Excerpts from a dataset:

◆ ◆ ◆ ◆ ◆ ◆ ◆

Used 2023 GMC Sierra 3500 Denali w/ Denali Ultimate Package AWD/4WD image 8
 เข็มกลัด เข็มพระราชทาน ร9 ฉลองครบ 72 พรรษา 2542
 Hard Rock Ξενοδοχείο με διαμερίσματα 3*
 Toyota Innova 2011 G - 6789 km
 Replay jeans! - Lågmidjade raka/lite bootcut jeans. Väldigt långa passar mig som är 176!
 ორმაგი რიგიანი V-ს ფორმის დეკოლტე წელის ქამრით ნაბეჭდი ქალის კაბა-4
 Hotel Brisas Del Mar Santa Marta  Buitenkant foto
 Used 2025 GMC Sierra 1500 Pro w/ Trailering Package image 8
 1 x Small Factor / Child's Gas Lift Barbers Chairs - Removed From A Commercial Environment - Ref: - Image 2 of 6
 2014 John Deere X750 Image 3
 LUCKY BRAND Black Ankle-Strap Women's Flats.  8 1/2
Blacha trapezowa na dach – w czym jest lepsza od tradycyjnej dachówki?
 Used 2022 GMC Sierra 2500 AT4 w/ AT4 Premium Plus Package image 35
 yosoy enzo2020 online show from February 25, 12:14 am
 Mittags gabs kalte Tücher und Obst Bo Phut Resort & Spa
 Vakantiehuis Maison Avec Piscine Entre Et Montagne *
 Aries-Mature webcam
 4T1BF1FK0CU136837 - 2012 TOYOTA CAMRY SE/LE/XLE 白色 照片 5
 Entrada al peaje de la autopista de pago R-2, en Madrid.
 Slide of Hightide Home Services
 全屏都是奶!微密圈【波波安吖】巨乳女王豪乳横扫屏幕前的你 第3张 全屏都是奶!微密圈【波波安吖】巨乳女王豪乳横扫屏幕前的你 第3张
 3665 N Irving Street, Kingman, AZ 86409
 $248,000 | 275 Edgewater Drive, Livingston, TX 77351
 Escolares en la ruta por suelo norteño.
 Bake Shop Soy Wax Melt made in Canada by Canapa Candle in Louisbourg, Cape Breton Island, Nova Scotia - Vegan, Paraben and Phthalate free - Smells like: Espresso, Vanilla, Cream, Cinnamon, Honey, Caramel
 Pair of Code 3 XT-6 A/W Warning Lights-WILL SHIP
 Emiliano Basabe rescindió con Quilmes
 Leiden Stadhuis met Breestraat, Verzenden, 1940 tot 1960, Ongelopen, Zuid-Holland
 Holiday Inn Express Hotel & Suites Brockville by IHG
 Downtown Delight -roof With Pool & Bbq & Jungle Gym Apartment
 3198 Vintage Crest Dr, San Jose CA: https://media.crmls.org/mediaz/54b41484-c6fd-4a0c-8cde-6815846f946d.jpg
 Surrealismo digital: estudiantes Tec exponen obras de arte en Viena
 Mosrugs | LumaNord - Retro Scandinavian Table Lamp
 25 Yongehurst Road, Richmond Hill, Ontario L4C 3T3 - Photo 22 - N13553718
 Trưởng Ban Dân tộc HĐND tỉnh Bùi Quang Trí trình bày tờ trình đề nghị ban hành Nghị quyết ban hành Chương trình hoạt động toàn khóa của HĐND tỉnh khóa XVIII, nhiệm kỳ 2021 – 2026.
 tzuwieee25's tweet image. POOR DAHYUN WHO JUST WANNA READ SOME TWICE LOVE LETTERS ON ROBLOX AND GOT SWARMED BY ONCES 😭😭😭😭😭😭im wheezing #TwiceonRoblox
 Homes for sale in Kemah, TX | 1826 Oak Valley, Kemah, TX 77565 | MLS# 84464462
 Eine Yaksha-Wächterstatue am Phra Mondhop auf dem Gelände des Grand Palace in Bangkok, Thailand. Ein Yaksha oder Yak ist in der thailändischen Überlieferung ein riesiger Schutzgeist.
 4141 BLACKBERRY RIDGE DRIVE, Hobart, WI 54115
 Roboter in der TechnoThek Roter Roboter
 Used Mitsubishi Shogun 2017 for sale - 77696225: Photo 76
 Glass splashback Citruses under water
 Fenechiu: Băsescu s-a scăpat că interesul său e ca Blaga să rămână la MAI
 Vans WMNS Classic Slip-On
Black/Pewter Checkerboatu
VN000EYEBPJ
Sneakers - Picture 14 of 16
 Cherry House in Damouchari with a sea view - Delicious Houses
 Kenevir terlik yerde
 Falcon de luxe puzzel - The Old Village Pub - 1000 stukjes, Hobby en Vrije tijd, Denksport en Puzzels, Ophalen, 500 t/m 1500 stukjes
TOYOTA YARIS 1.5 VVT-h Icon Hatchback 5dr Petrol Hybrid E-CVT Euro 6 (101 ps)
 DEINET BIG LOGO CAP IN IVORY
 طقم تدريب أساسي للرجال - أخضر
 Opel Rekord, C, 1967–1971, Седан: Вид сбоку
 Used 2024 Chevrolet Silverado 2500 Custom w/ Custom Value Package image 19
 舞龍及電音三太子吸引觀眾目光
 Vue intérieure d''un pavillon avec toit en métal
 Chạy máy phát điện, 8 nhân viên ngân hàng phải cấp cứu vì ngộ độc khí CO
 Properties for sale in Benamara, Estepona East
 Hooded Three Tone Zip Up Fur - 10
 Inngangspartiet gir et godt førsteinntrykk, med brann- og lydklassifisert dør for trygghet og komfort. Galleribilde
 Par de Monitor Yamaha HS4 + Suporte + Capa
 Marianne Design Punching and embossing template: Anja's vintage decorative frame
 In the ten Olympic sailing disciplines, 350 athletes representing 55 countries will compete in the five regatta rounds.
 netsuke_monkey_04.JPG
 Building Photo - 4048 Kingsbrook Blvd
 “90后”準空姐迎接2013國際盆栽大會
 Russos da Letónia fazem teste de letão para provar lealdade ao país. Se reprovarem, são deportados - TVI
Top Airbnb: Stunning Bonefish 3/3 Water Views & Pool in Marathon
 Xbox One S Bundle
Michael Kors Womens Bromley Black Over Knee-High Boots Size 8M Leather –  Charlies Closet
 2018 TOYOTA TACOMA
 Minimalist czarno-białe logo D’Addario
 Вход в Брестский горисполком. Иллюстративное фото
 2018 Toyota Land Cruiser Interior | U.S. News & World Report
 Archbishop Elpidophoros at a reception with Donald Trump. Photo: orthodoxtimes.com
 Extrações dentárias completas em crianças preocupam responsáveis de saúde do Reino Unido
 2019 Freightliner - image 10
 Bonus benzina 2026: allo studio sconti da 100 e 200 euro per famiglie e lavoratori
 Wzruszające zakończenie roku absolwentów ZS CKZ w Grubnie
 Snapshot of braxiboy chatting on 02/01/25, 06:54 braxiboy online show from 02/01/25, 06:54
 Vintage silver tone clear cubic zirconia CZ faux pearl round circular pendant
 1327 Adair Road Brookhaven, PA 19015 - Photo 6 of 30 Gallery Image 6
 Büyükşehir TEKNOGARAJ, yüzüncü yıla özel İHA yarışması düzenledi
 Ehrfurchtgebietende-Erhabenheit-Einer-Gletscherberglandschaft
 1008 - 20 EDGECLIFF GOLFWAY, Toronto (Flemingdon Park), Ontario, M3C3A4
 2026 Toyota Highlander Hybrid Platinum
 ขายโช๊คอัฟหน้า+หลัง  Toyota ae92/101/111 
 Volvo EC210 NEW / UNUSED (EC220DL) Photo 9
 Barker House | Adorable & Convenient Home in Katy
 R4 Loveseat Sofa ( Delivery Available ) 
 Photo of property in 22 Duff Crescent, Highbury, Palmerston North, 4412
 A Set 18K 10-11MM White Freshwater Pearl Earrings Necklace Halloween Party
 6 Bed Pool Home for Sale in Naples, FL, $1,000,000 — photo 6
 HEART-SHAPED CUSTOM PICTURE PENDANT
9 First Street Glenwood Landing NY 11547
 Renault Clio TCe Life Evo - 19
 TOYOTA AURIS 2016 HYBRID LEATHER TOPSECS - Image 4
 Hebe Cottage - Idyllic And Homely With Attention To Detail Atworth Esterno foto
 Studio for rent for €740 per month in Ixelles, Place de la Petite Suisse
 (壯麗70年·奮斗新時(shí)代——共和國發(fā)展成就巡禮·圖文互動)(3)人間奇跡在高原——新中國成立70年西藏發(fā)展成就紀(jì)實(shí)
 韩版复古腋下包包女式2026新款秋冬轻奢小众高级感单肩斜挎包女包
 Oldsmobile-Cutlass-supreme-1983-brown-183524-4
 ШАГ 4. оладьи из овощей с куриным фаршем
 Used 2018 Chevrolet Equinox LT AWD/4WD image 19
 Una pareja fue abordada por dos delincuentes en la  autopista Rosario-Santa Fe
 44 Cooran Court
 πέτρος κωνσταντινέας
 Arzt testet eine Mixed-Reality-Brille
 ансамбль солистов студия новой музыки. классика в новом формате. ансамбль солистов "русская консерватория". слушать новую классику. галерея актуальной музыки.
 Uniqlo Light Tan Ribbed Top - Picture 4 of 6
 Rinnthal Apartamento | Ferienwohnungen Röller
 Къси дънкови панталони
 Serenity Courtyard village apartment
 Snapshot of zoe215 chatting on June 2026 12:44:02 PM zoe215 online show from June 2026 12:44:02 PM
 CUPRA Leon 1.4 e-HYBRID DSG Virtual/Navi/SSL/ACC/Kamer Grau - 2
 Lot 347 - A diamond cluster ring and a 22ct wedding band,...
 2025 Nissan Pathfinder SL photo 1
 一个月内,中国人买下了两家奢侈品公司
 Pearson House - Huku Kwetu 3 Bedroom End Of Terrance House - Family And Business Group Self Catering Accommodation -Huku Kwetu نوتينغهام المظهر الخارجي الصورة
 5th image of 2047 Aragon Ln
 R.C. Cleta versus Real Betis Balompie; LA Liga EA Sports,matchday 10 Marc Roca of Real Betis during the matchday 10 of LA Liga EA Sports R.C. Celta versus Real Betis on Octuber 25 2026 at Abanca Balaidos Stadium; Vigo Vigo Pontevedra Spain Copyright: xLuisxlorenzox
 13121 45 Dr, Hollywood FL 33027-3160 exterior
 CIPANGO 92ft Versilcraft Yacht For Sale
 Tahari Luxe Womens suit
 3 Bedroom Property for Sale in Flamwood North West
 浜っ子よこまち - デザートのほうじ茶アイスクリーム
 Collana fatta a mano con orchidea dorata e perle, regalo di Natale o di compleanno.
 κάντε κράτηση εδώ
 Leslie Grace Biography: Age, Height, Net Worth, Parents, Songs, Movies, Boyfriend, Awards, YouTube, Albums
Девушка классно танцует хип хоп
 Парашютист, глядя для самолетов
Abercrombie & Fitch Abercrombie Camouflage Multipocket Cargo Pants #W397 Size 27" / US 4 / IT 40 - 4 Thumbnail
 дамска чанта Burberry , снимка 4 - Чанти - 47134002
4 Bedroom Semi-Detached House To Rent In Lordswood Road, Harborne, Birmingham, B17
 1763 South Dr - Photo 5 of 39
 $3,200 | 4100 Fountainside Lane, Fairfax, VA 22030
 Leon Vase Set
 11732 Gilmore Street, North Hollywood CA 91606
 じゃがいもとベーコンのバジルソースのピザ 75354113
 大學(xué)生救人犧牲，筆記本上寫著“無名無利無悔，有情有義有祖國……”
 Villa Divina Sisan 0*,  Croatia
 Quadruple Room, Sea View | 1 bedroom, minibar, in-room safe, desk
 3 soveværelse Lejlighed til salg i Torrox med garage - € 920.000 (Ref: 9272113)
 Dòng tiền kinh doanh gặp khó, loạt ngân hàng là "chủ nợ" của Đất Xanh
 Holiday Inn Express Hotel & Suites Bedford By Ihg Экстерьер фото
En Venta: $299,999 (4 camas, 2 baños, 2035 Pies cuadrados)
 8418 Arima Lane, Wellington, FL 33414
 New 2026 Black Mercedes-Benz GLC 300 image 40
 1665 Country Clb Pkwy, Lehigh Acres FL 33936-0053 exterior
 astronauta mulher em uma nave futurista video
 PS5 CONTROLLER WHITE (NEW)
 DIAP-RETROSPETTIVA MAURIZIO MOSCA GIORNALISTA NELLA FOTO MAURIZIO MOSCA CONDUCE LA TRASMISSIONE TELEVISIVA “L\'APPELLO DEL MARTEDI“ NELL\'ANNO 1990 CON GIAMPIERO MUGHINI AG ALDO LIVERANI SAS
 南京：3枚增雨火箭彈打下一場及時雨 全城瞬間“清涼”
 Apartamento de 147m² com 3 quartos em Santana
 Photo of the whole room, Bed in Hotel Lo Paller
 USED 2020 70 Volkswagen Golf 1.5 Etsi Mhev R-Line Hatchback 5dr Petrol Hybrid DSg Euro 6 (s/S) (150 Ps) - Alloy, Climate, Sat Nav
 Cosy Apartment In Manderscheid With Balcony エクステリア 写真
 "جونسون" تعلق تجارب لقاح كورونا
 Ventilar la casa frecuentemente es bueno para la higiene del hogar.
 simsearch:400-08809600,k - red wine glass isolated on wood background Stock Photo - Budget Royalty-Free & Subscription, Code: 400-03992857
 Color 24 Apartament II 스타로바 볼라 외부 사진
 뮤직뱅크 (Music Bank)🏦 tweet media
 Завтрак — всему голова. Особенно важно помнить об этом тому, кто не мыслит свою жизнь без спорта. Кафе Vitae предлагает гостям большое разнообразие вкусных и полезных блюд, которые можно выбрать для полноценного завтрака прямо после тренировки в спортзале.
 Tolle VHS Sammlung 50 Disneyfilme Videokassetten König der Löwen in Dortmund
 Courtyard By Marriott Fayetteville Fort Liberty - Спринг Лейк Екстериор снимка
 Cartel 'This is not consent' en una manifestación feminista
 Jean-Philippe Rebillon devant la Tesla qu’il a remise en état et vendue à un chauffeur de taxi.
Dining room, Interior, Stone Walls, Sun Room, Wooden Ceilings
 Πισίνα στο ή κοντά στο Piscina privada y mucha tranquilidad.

◆ ◆ ◆ ◆ ◆ ◆ ◆

From the records above, give again exactly the lines running from the line with "Hooded Three Tone Zip Up Fur - 10" to the line with "Вход в Брестский", inclusive.

 Hooded Three Tone Zip Up Fur - 10
 Inngangspartiet gir et godt førsteinntrykk, med brann- og lydklassifisert dør for trygghet og komfort. Galleribilde
 Par de Monitor Yamaha HS4 + Suporte + Capa
 Marianne Design Punching and embossing template: Anja's vintage decorative frame
 In the ten Olympic sailing disciplines, 350 athletes representing 55 countries will compete in the five regatta rounds.
 netsuke_monkey_04.JPG
 Building Photo - 4048 Kingsbrook Blvd
 “90后”準空姐迎接2013國際盆栽大會
 Russos da Letónia fazem teste de letão para provar lealdade ao país. Se reprovarem, são deportados - TVI
Top Airbnb: Stunning Bonefish 3/3 Water Views & Pool in Marathon
 Xbox One S Bundle
Michael Kors Womens Bromley Black Over Knee-High Boots Size 8M Leather –  Charlies Closet
 2018 TOYOTA TACOMA
 Minimalist czarno-białe logo D’Addario
 Вход в Брестский горисполком. Иллюстративное фото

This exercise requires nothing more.